### [Information supplied]
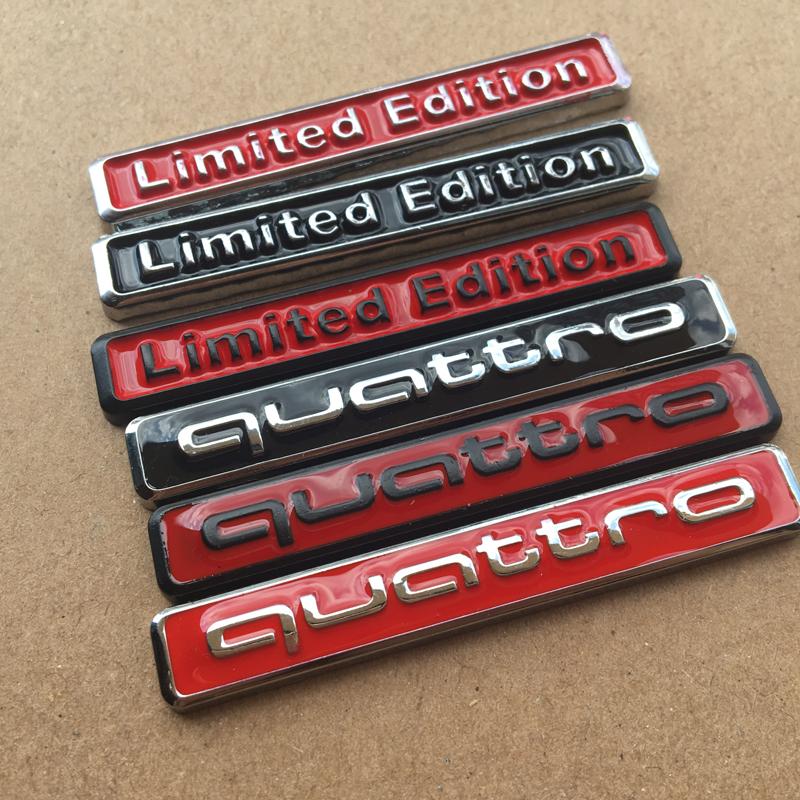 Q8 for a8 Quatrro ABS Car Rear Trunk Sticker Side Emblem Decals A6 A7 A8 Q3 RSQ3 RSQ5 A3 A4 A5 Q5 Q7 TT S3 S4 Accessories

* * *

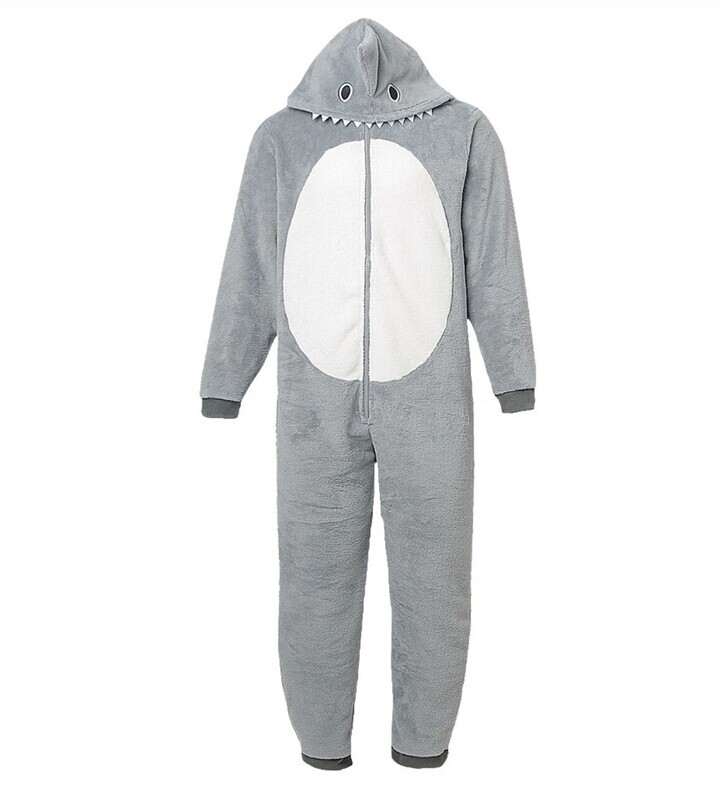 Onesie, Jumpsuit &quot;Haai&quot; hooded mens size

...

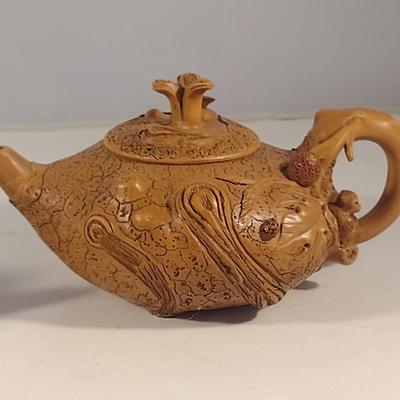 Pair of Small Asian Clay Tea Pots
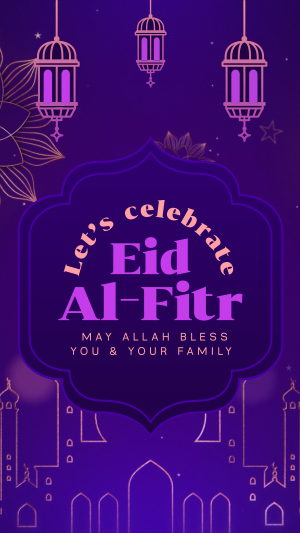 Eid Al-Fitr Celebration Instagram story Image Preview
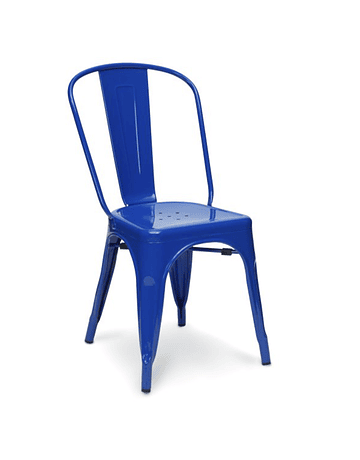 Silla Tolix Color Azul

### [Exercise description]
Transcribe the listing above exactly, but only from the line with "Pair of Small Asian Clay Tea Pots" through the line with "Silla Tolix Color Azul". Include both of those lines and omit the pictures.

### [Response to this task]
 Pair of Small Asian Clay Tea Pots
 Eid Al-Fitr Celebration Instagram story Image Preview
 Silla Tolix Color Azul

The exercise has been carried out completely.